Understanding the Setup
We have six equal positive charges, each of magnitude \( q \), positioned at the corners of a regular hexagon. The distance between adjacent charges is \( a \). At the center of this hexagon, there is a negative charge of magnitude \( -6q \). Our goal is to find the electric potential and the electric field intensity at a large distance \( r \) from the center of the hexagon.
Electric Potential Calculation
The electric potential \( V \) at a point in space due to a point charge is given by the formula:
- \( V = \frac{k \cdot Q}{r} \)
where \( k \) is Coulomb's constant, \( Q \) is the charge, and \( r \) is the distance from the charge to the point where the potential is being calculated.

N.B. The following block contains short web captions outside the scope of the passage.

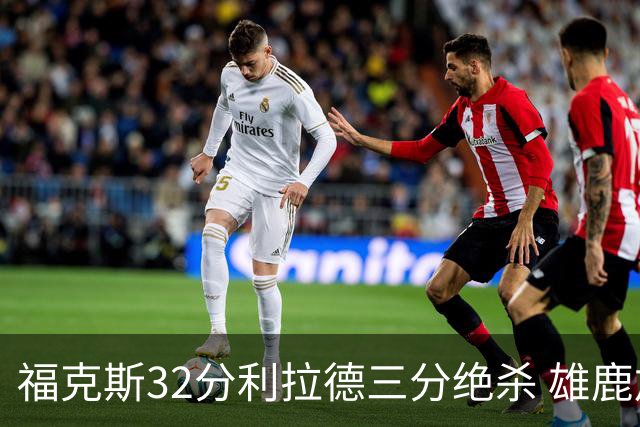 福克斯32分利拉德三分绝杀 雄鹿加时险胜国王
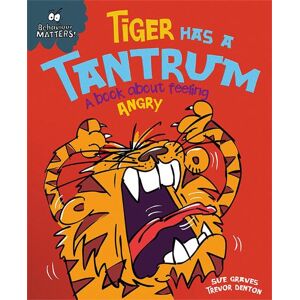 Sue Graves Behaviour Matters: Tiger Has a Tantrum - A book about feeling angry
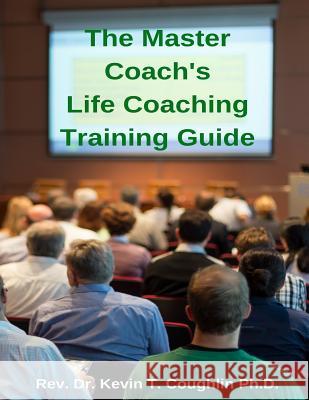 The Master Coach's Life Training Guide Rev Dr Kevin T. Coughlin 9781978173446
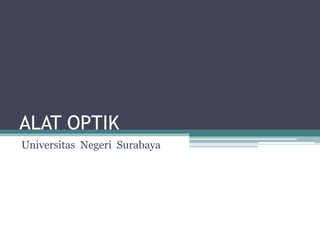 ALAT OPTIK
Universitas Negeri Surabaya
 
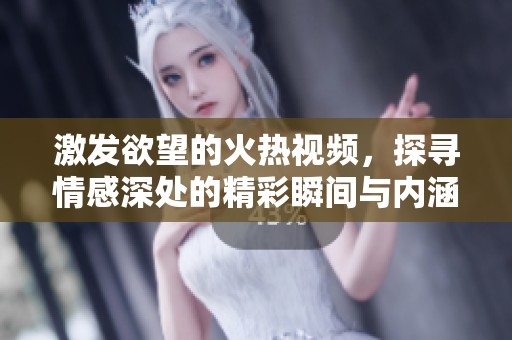 激发欲望的火热视频，探寻情感深处的精彩瞬间与内涵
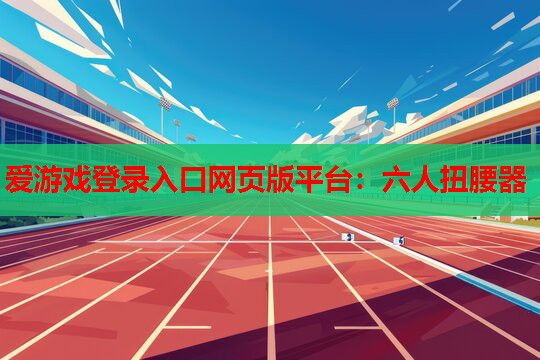 爱游戏登录入口网页版平台：六人扭腰器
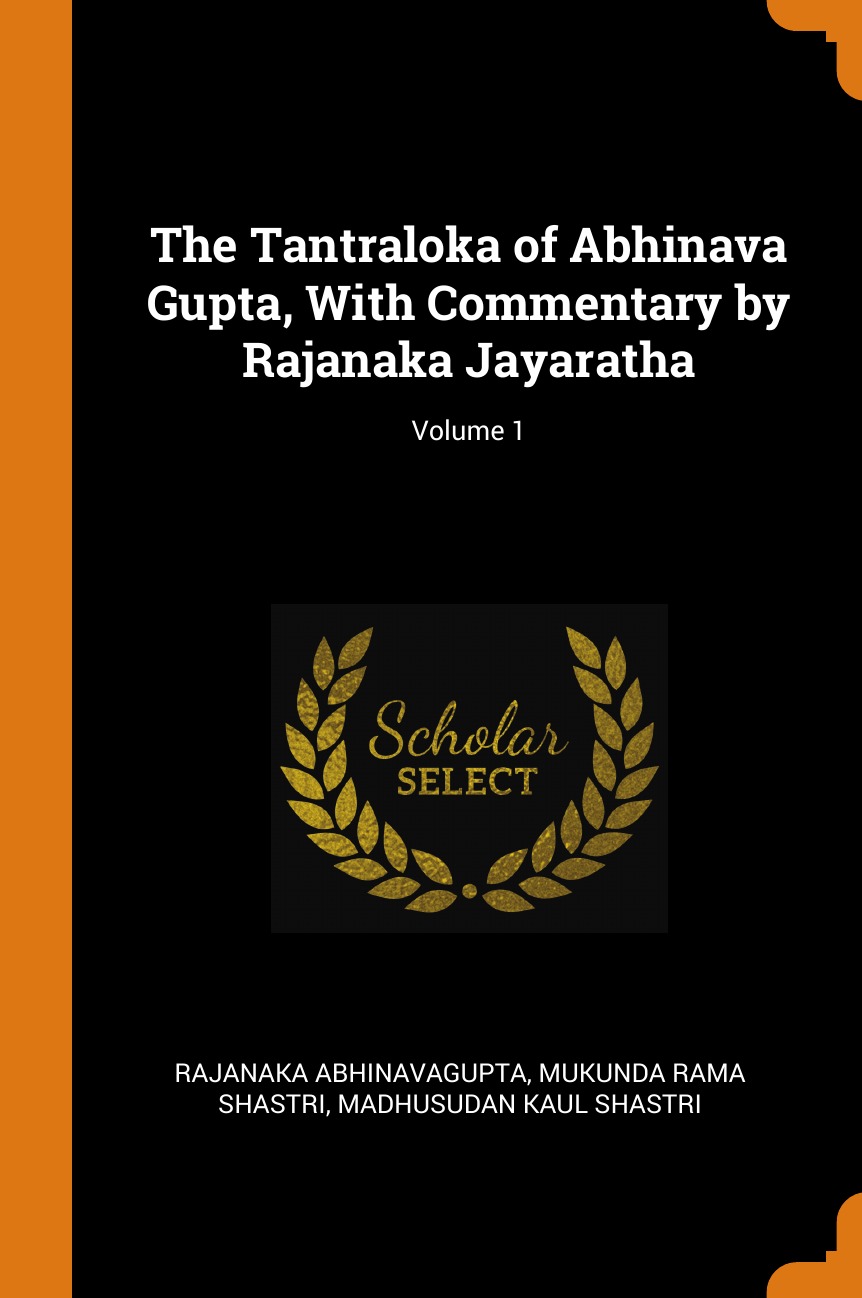 

The Tantraloka of Abhinava Gupta, With Commentary by Rajanaka Jayaratha; Volume 1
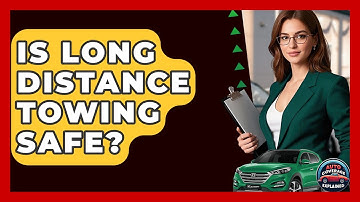 Is Long Distance Towing Safe? - Auto Coverage Explained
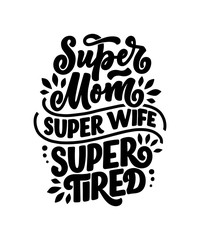 Mommy lifestyle slogan in hand drawn style. Super mom, super wife, super tired illustration. Humorous textile print or poster with lettering quote. Mothers day greeting card design. Vector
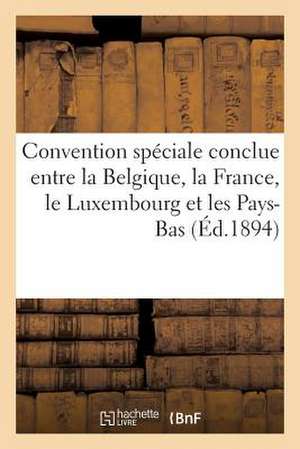 Convention Speciale Conclue Entre La Belgique, La France, Le Luxembourg Et Les Pays-Bas (Ed.1894): Le 2 Juillet 1906 de Sans Auteur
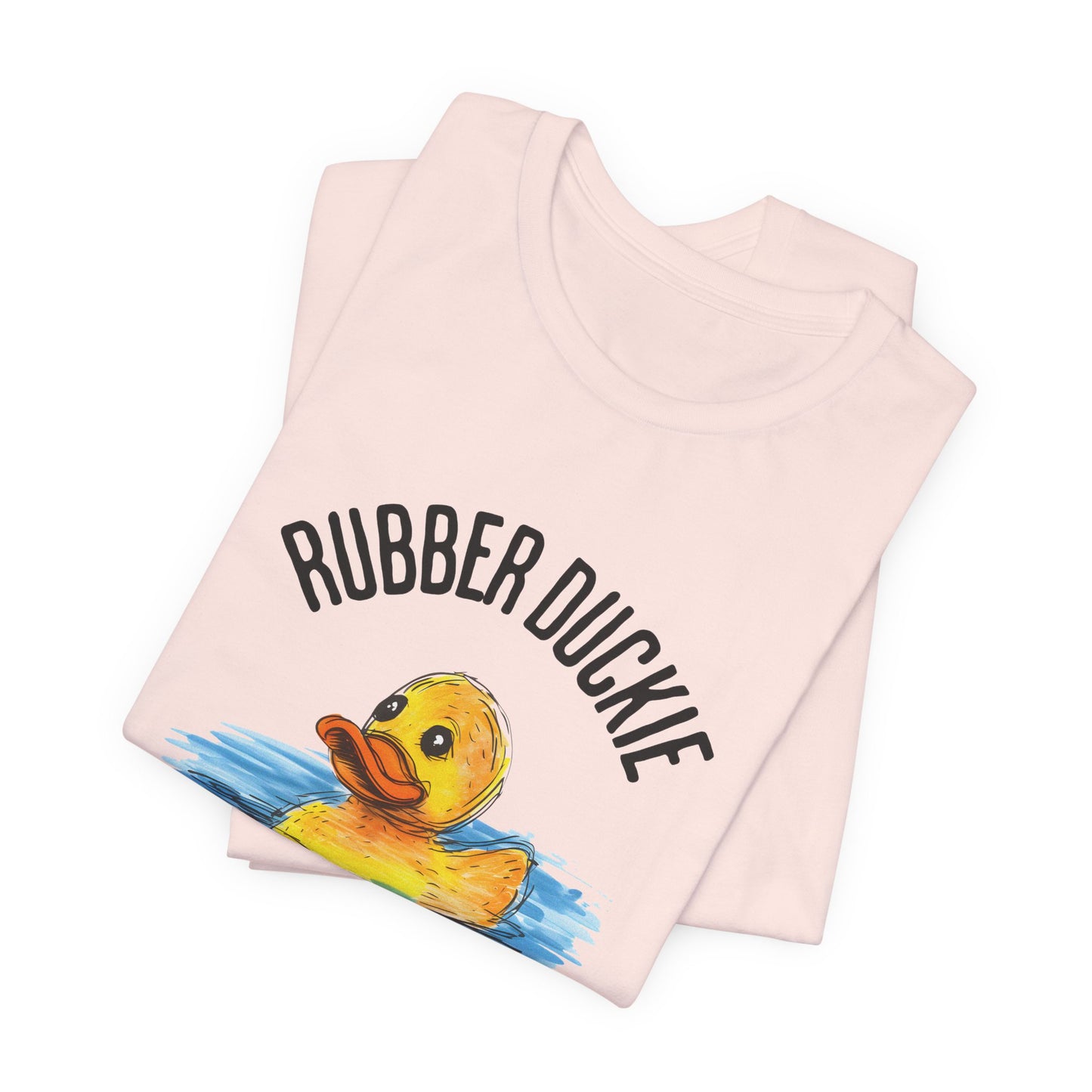 rubber duckie you're the one tshirt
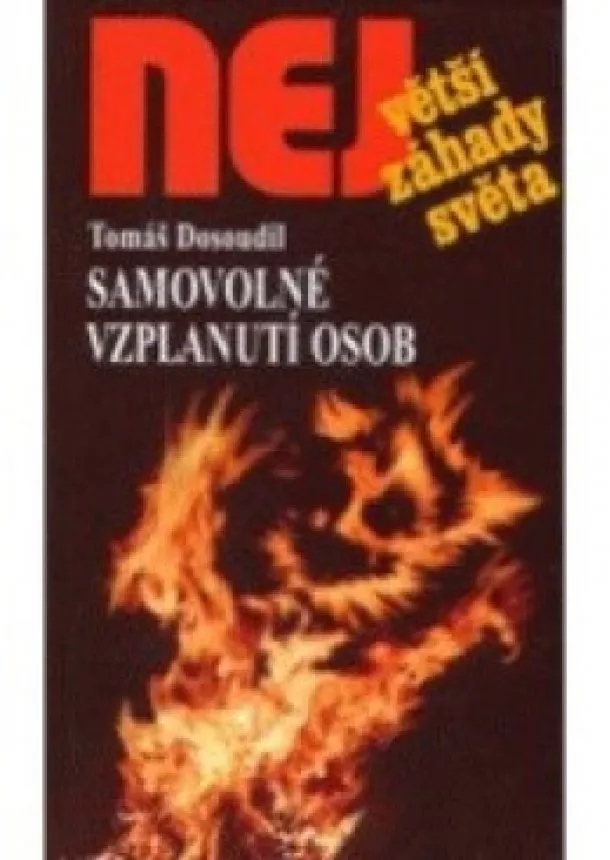 Tomáš Dosoudil - Samovolné vzplanutí osob - O jednom z nejhrůznejších a nejzáhadnejších jevů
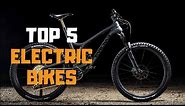Best Electric Bike in 2019 - Top 5 Electric Bikes Review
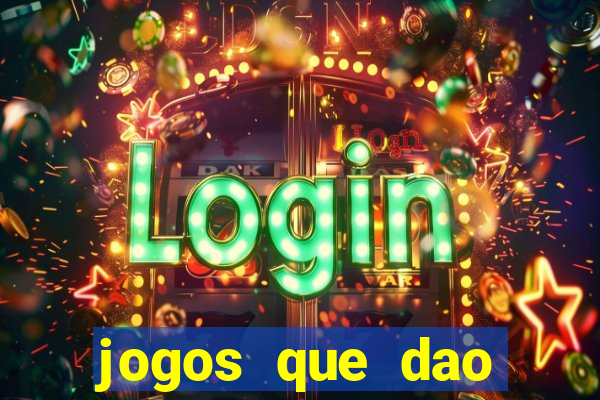 jogos que dao dinheiro sem depósito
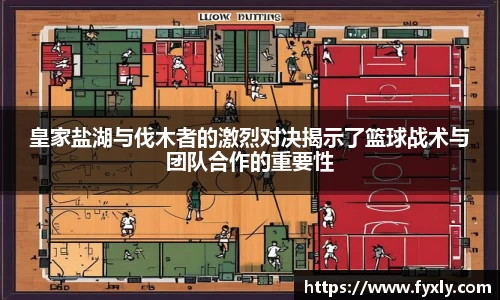 皇家盐湖与伐木者的激烈对决揭示了篮球战术与团队合作的重要性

At a large distance \( r \) from the center of the hexagon, we can treat the system as a collection of point charges. The potential due to each of the six positive charges at a distance \( r \) is:
- \( V_{+} = \frac{k \cdot q}{r} \)
Since there are six such charges, the total potential due to the positive charges is:
- \( V_{total, +} = 6 \cdot \frac{k \cdot q}{r} = \frac{6kq}{r} \)
Now, considering the negative charge at the center, the potential due to this charge at a distance \( r \) is:
- \( V_{-} = \frac{k \cdot (-6q)}{r} = -\frac{6kq}{r} \)
Combining both contributions, the total electric potential \( V_{total} \) at a distance \( r \) from the center is:
- \( V_{total} = \frac{6kq}{r} - \frac{6kq}{r} = 0 \)
Electric Field Intensity Calculation
The electric field intensity \( E \) is related to the electric potential by the gradient of the potential. However, since we have found that the total potential \( V_{total} \) is zero, we can also analyze the contributions to the electric field from each charge.
The electric field due to a point charge is given by:
- \( E = \frac{k \cdot Q}{r^2} \)
For the six positive charges, at a large distance \( r \), the electric field contribution from each charge will point away from the charge. The total electric field due to the six positive charges can be calculated as:
- \( E_{+} = 6 \cdot \frac{k \cdot q}{r^2} \)
For the negative charge at the center, the electric field points towards the charge, and its contribution is:
- \( E_{-} = \frac{k \cdot (-6q)}{r^2} \)
When we sum these contributions, we find:
- \( E_{total} = 6 \cdot \frac{k \cdot q}{r^2} - \frac{6kq}{r^2} = 0 \)
Final Insights
At a large distance \( r \) from the hexagon, both the electric potential and the electric field intensity are zero. This outcome is due to the symmetrical arrangement of the positive charges and the negative charge at the center, which perfectly cancels out their effects at that distance. This scenario illustrates the principle of superposition in electrostatics, where the contributions from multiple charges can combine to yield a net effect of zero under certain conditions.